Però, si sa, siamo figli del nostro tempo; anche se torniamo spesso al passato, non possiamo non approcciarci a quello che viviamo nel presente. E il presente è la musica elettronica – Morrison l’aveva detto. Quando ho ascoltato per la prima volta Nicolas Jaar mi sono detto che quel ragazzo (statunitense di origini cilene, classe ’90) proponeva una musica d’atmosfera, elegante e coinvolgente, ma non sapevo completamente chi fosse.

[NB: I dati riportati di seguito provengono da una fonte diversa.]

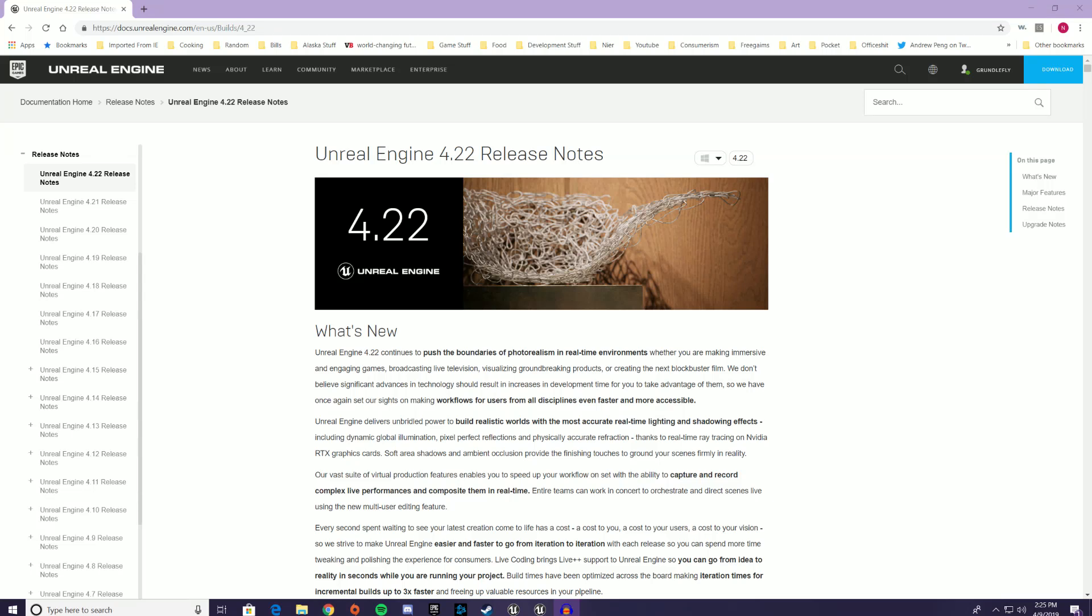Hey everybody, as you're probably already aware by this point, Epic has, as of last week, released Unreal Engine 4.22, which is the newest version of Unreal Engine 4, and with it they've included a bunch of new things and crash fixes and things like that for Niagara.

Sono andato a spulciare video e pezzi su Youtube e mi si è aperto un altro mondo ancora che si è andato a unire perfettamente con tutto quello che avevo ascoltato fino a quel momento. Il cerchio si era chiuso.

La musica di Jaar è un flusso di arte elettronica nel vero senso della parola; sfocia in vari generi, li mescola, li sintetizza e te li ripropone come se fossero stati sempre lì, perfetti. Sfumature latine, rock e jazz si amalgamano perfettamente con Jaar. Inoltre, la qualità della sua musica potrebbe benissimo fare da cornice alle altre arti, come il cinema: e infatti ha già composto una colonna sonora, quella del film Dheepan – Una nuova vita, e si è dilettato nel creare le musiche di un lungometraggio sperimentale armeno del 1969 chiamato The Color Of Pomegranates. Insomma, la sua non è “solo musica elettronica”.

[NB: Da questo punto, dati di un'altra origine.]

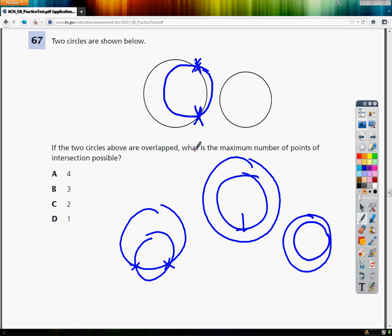So in this case with two circles, the overlap limit here is two maximum points of intersection.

E lo stesso vale per altri suoi colleghi illustri. Come David August, enfant prodige tedesco che produce musica con l’ausilio di un’orchestra di musica classica; Nicola Cruz, artista nato in Francia e cresciuto sulle Ande, che rappresenta l’avanguardia ecuadoregna della musica elettronica, elaborando suoni nativi che molto devono ai posti in cui è cresciuto. Parlare di queste persone accostandoli al semplice epiteto di dj è limitante – e scorretto. La loro musica vience chiamata deep house, per certi versi, ma credo fermamente ci sia molto altro dietro.

Stiamo parlando di artisti che vivono il nostro tempo, manipolando egregiamente la materia che ci contraddistingue dal passato: la tecnologia.